> _Try it_
Return the line containing "We are ready" together with every later line up to the end of the records, exactly and with no pictures; return nothing else.

--- Data for this exercise Enclosed Below ---

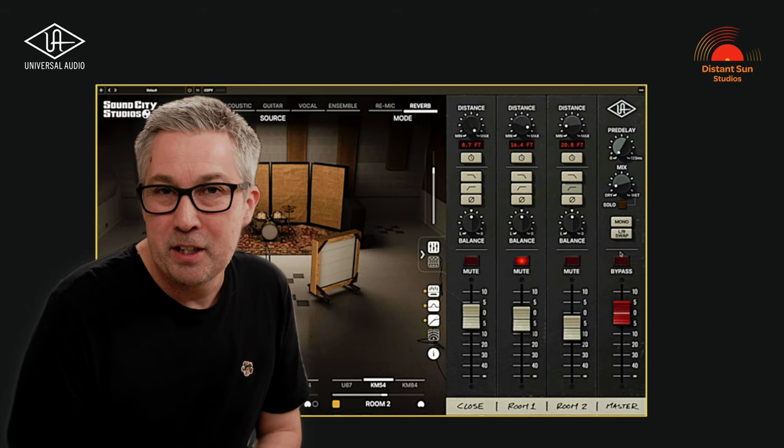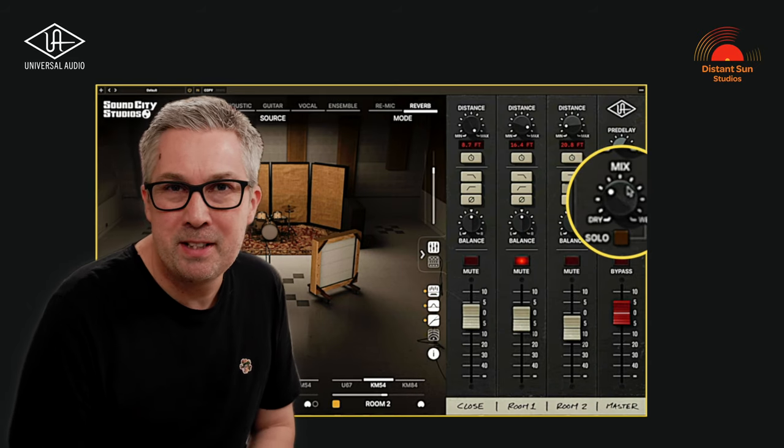So there it is — the UAD Analog Machines plug-in. What a fantastic addition to their collection. I hope you've enjoyed that and found it useful. Why not watch this next? A video full of tips and tricks about the UAD Sound City Studios plug-in. I'm Matt from Distant Sun Studios. Cheers.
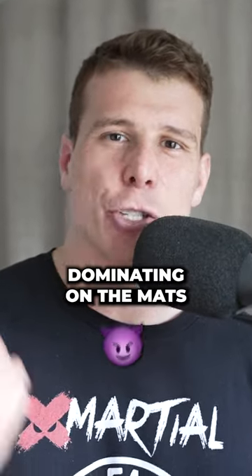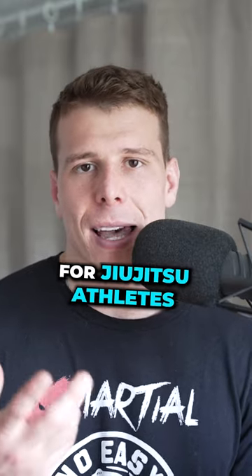And if you want to get strong and powerful and start dominating on the mats, check out a free strength program specifically for jiu-jitsu athletes. Link in my bio.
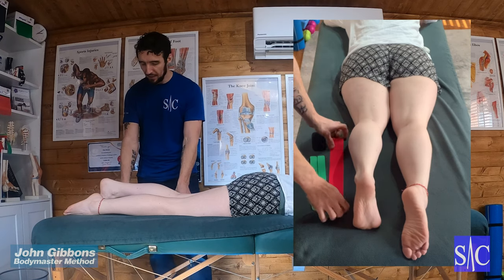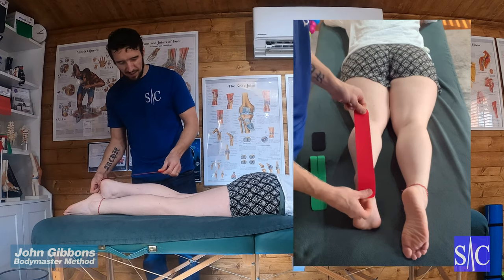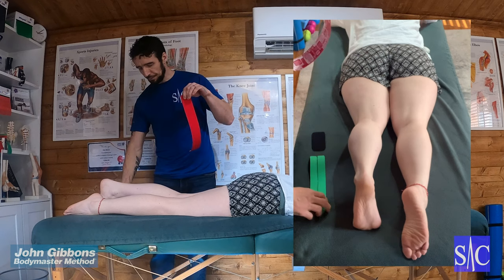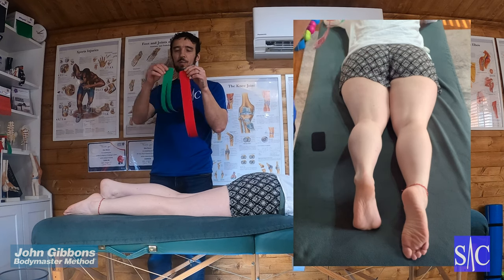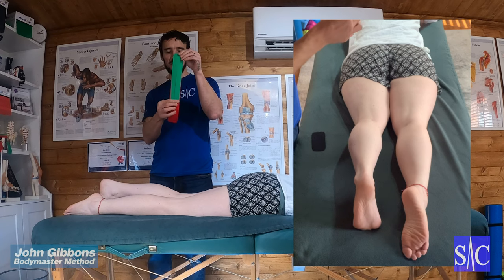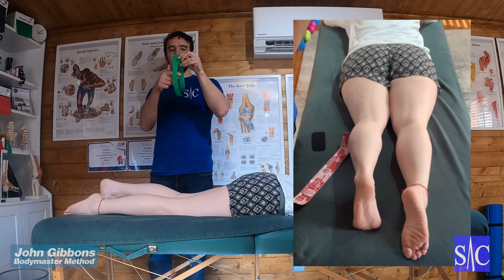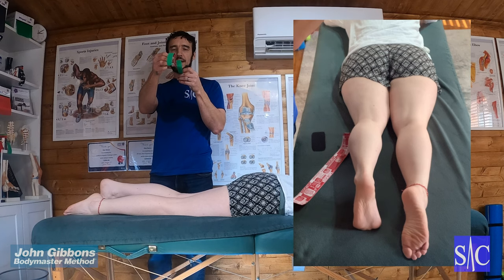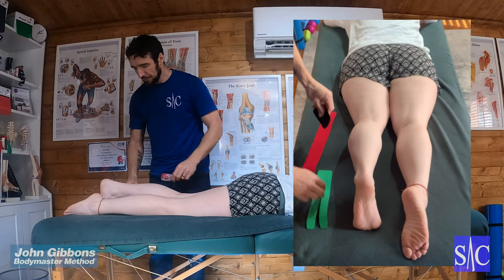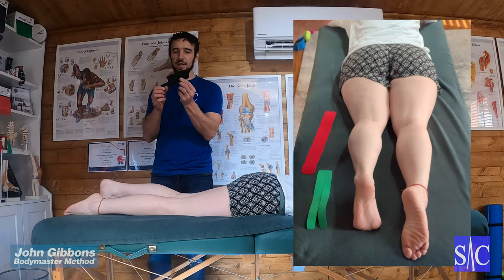We need three pieces of tape. The first piece: measure from under the heel to just below the knee. The second piece: measure about three quarters of the first, cut that off, and then cut it straight down the middle, leaving about an inch at the end. The third piece: measure ankle bone to ankle bone and then cut off.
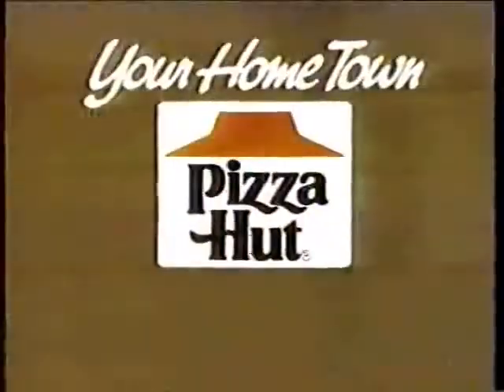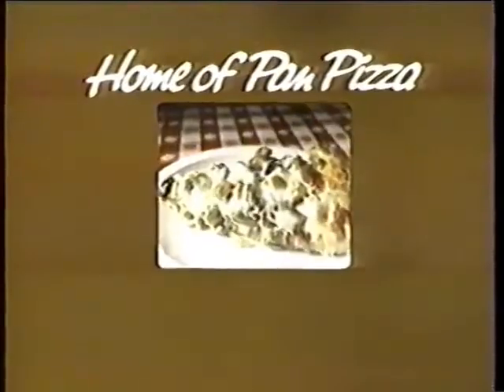You ought to try it. At your hometown Pizza Hut — home of pan pizza.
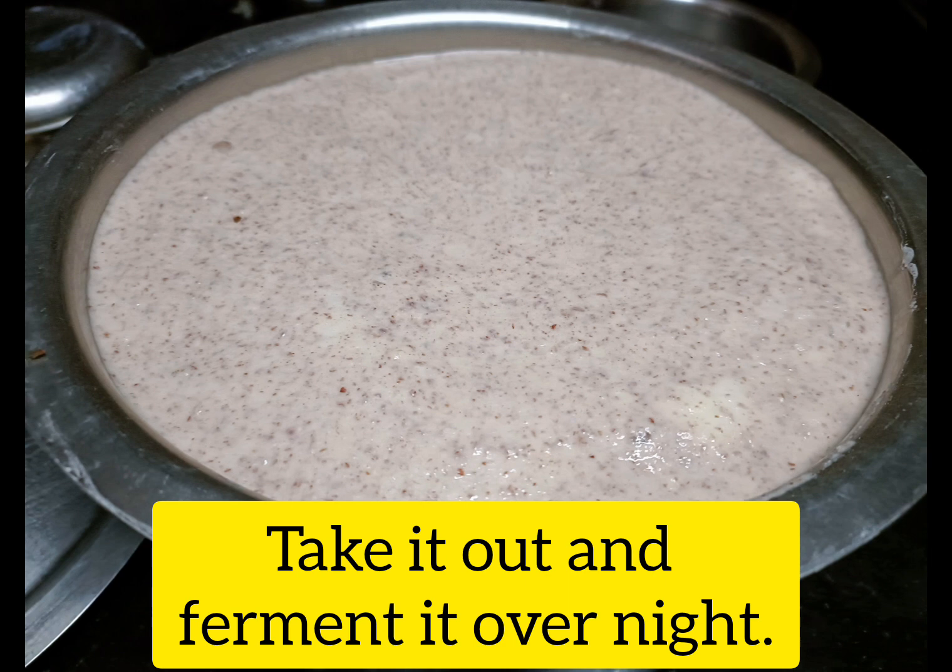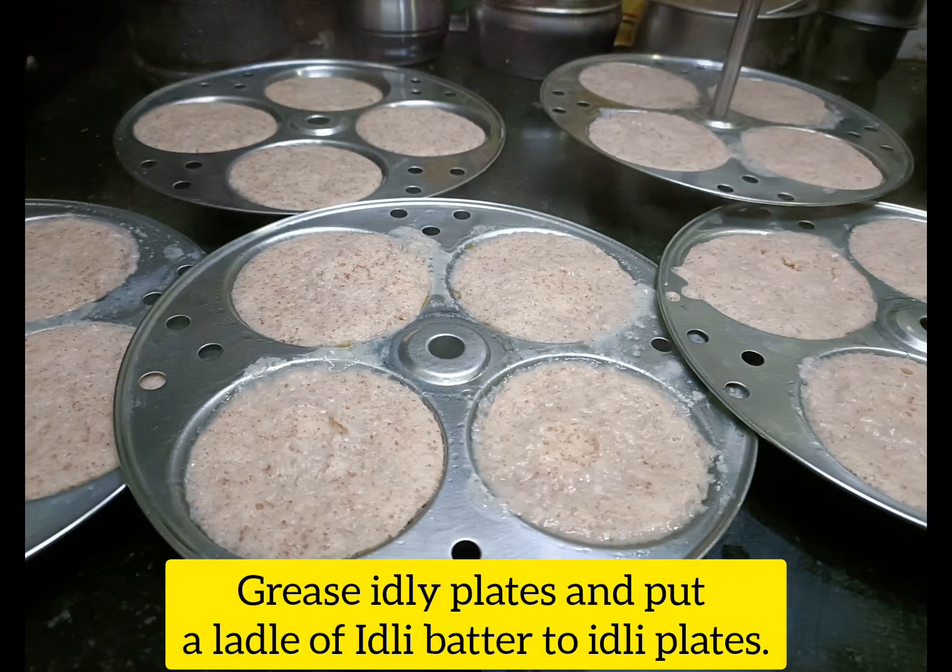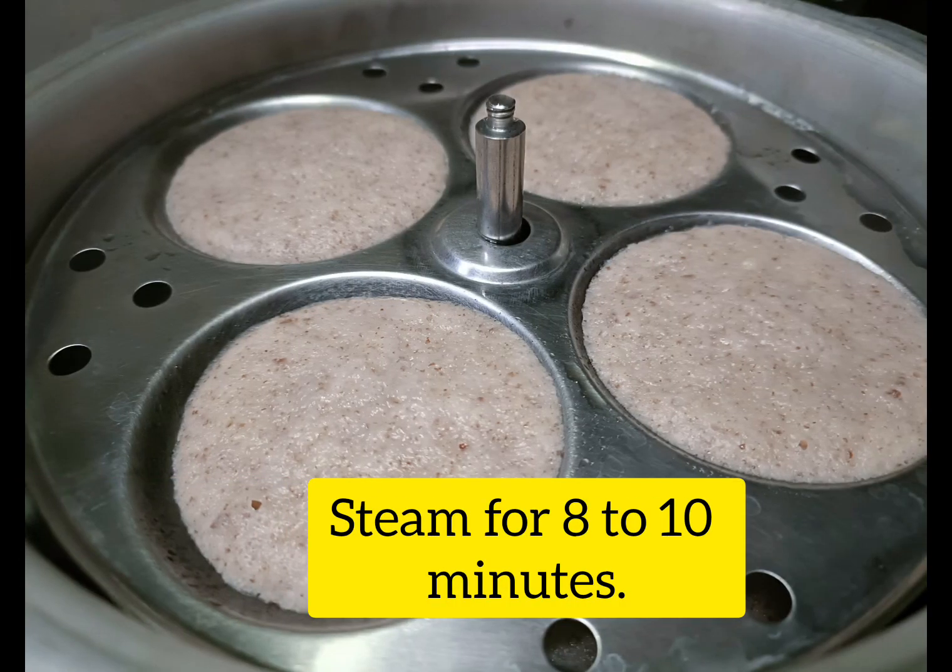We are ready for the first charge of the batter, and we will be the first full of it. So the batter is worth a while. We will mix the batter and mix the fuel of it and add another fruit and medium heat to weaves.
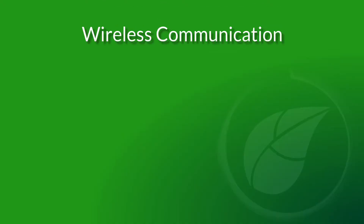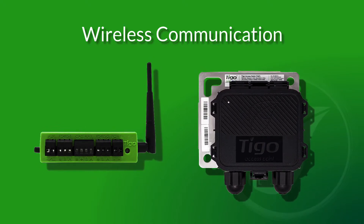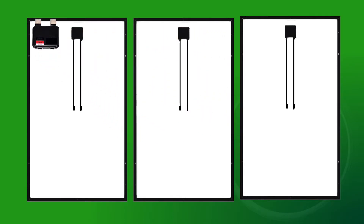Like the TS-4-O, the TS-4-S communicates wirelessly with the CCA and the tap. And like all TS-4s, the TS-4S is very easy to connect and to attach to the module.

--- End of Enclosed Data for this exercise ---

> _Exercise result_
We are ready for the first charge of the batter, and we will be the first full of it. So the batter is worth a while. We will mix the batter and mix the fuel of it and add another fruit and medium heat to weaves.
Like the TS-4-O, the TS-4-S communicates wirelessly with the CCA and the tap. And like all TS-4s, the TS-4S is very easy to connect and to attach to the module.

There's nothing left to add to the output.